Mizuno and Asics are both big enough companies and have enough cash reserves so they shouldn’t have so many issues, as Japanese companies are well known for sitting on cash reserves to use during times of crisis. Since both companies make a majority of their sales in their domestic market, falling demand worldwide won’t affect them as much. It’s a similar story for other brands who thrive in their domestic market, think brands like Lotto and Diadora or Joma and Munich.
However, for companies that are bigger outside of football and have smaller impact in the boot industry, there will be much rougher times ahead. New Balance is an interesting example of this. Ostensibly a massive sportswear company in general, their impact in the footie market was already due to decrease even without prevent circumstances, since they are losing the Liverpool sponsorship and the rumours that they might even lose their biggest name in Sadio Mane. They have been relatively successful and might be OK given the desire on the part of NB to keep pumping money into the football market in order to establish themselves more. What is unknown though is if that desire to try and make an impact is still there in a contracting market. This is conjecture, but we may see New Balance decreasing the amount of funding for their football products even if there is a lot of money being freed up since they will no longer sponsor Liverpool.
Under Armour is probably one of the most interesting cases since the company’s sales have been slagging over the past few years and even their founder is stepping down as CEO. BootWizardBootReviews did a great video on UA’s issues and it is well worth a watch. Considering the company won’t even bother with marketing with their newest boots and haven’t even done much distribution of their product outside of their official stores, it would not be too difficult to imagine them finally dropping out of the football boot market and the footie industry in general as a result of prior and present circumstances. And unfortunately, it’s not too likely that people will miss them.

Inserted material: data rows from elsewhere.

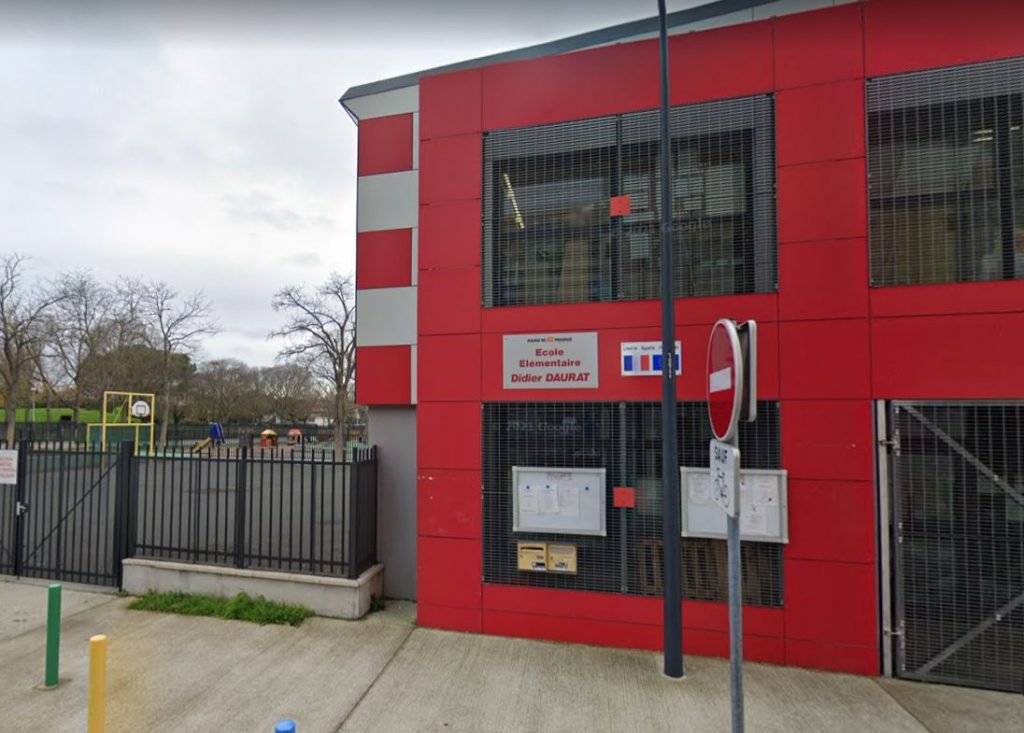 Une manifestation est organisée, ce 21 octobre, devant l'école Didier Daurat de Toulouse, pour demander le relogement de deux familles d'élèves @GoogleMap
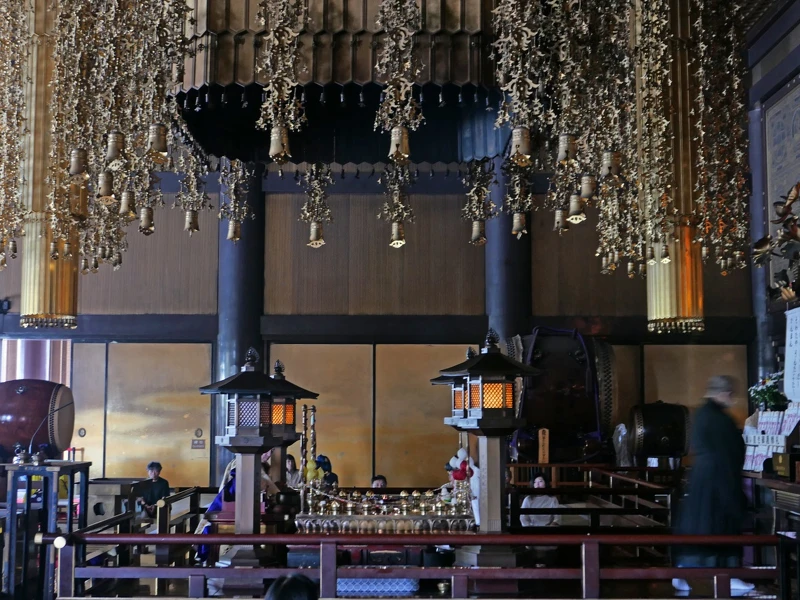 華麗的參拜空間。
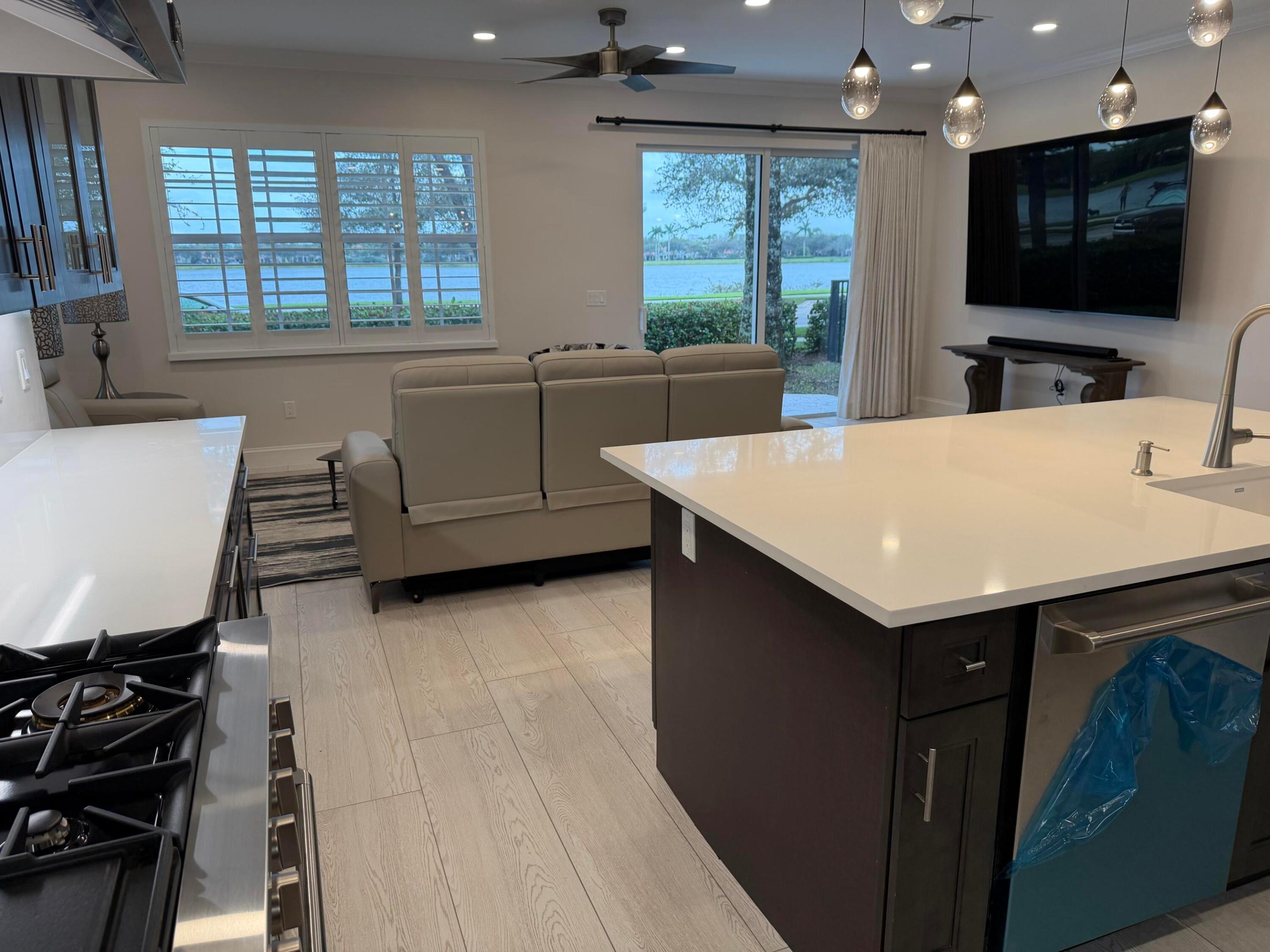 Palm Beach Gardens FL 33410 - R11152671
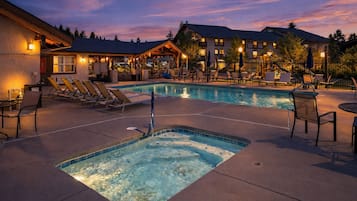 Una piscina al aire libre, una piscina climatizada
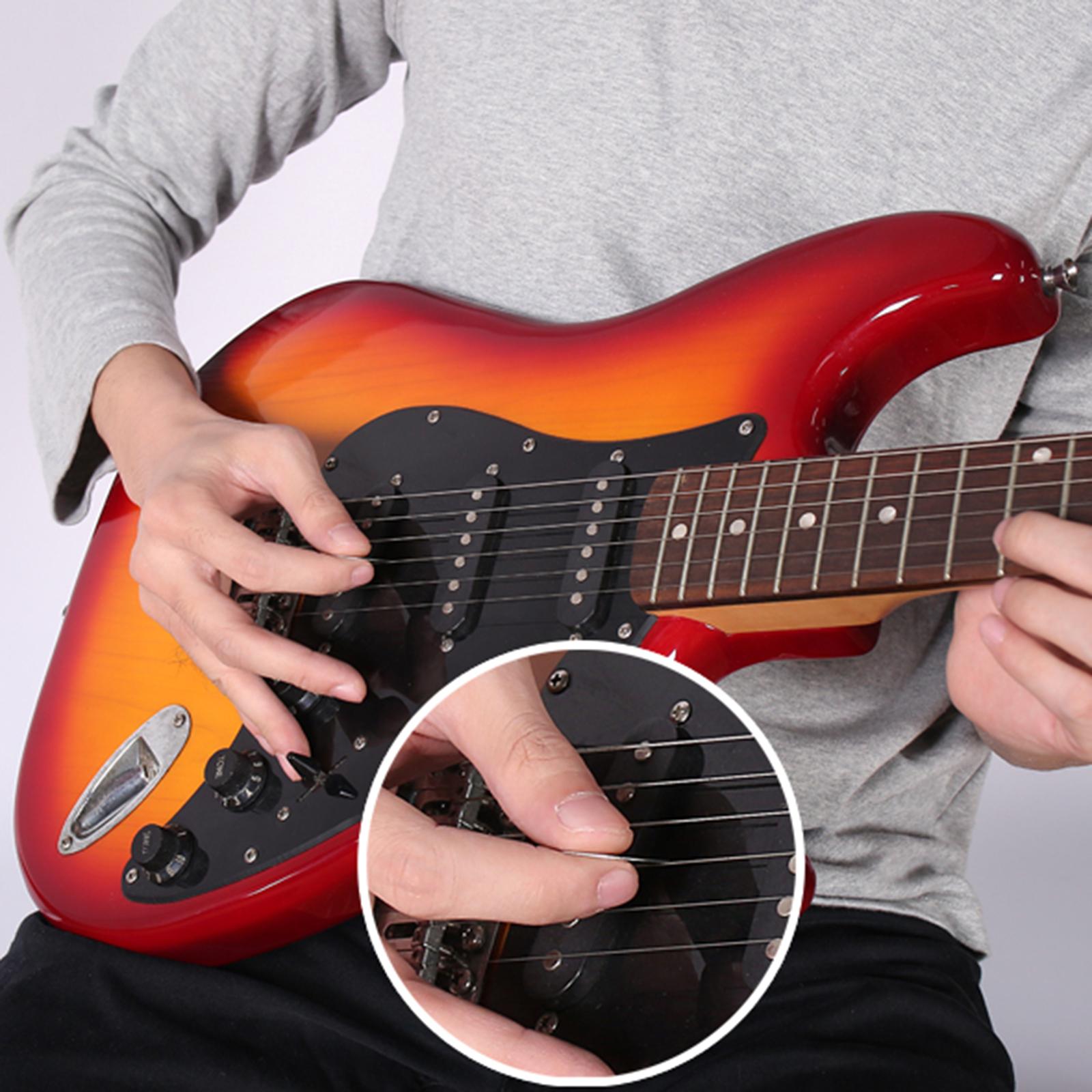 20x Guitar Picks Thumb Protectors and Picks Storage Case for Bass Ukulele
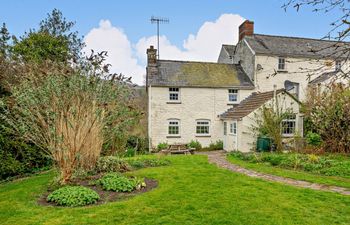 2 Bed in Crickhowell Holiday Cottage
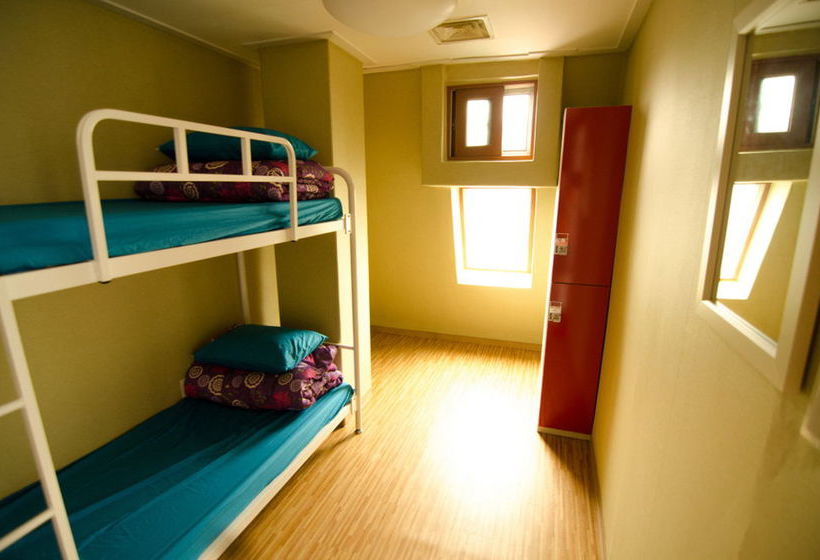 Kimchee Sinchon Guesthouse  Hostel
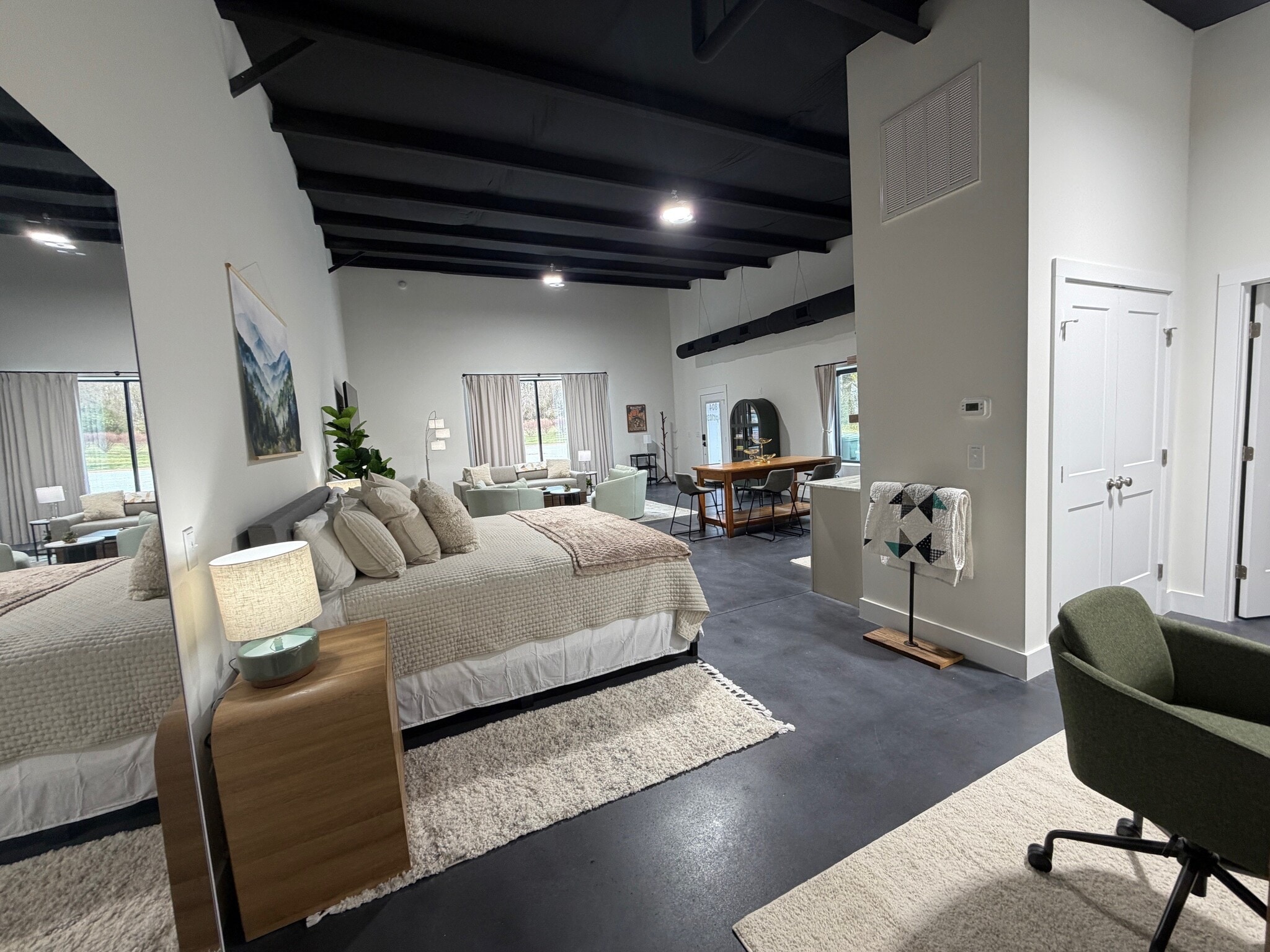 Building Photo - 804 N Moravian St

This present crisis is also pretty difficult for the smaller, more artisanal brands. Brands like Ryal, Yasuda and RetroStar Classic might endure difficult years. Hopefully they won’t have too many issues but because of their size and limited renown they might have to make some difficult decisions. Personally, I’d be more worried about these brands since there are not many companies sticking to handmade boots these days. This isn’t to try and influence any boot buying decisions, since you should always get what you feel most comfortable in, but it is worth keeping such brands in mind if it is possible.
The rest of this year will give us all a good idea of the direction the boot industry will go in, but given that there is likely to be a bigger impact than the crash in 2008, there are a lot of unknowns at the moment. Whatever happens, it certainly is never boring!